Keeping these concerns in mind, neither the campus nor department leadership believes that the Cal Athletics community is likely to be able to raise the permanent funding required to offset the expenses associated with impacted teams. To make up the difference and maintain an acceptable level of longterm support for all 29 programs would call for, at the absolute minimum, a doubling of the current Athletic Department endowment, now at just under $70 million, in a relatively short period of time...
... It has been our view that the availability of the substantial incremental philanthropic commitments necessary to prevent a reduction in scope of our IA program is and has been quite unlikely.

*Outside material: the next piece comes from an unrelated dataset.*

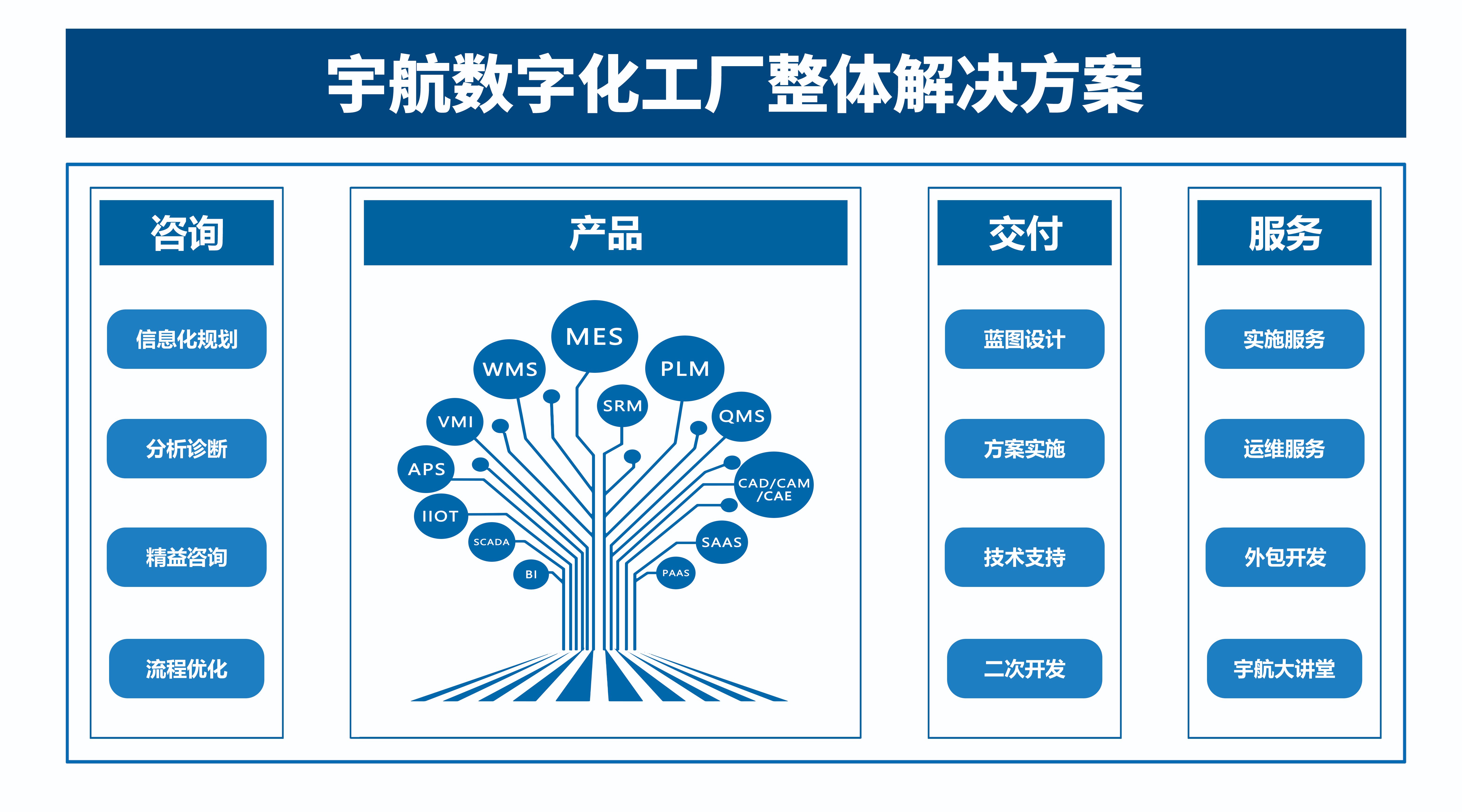 基于云的MES系统让生产更灵活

In the event, however, that members of the Cal Athletics community do come forward with significant incremental philanthropic commitments to provide for multiple years of operating costs for the impacted group of teams and a long-term plan for permanent funding (endowment), the campus would of course review such a proposal and consider other alternatives presented. As a pragmatic matter and in fairness to Cal’s student-athletes and coaches, who are in the process of contemplating their future academic and career plans, the uncertainty around possibility of immediate reinstatement cannot be allowed to extend longer than January 31, 2011, which would be over four months after announcement of the scope reduction.
Well that deadline has now passed, and the university, at least publicly, is considering the possibility of reinstatement. Cal spokesman Dan Mogulof told the Tribune that the "process of 'review and analysis' already had begun and that the chancellor hopes to make a decision as soon as Friday."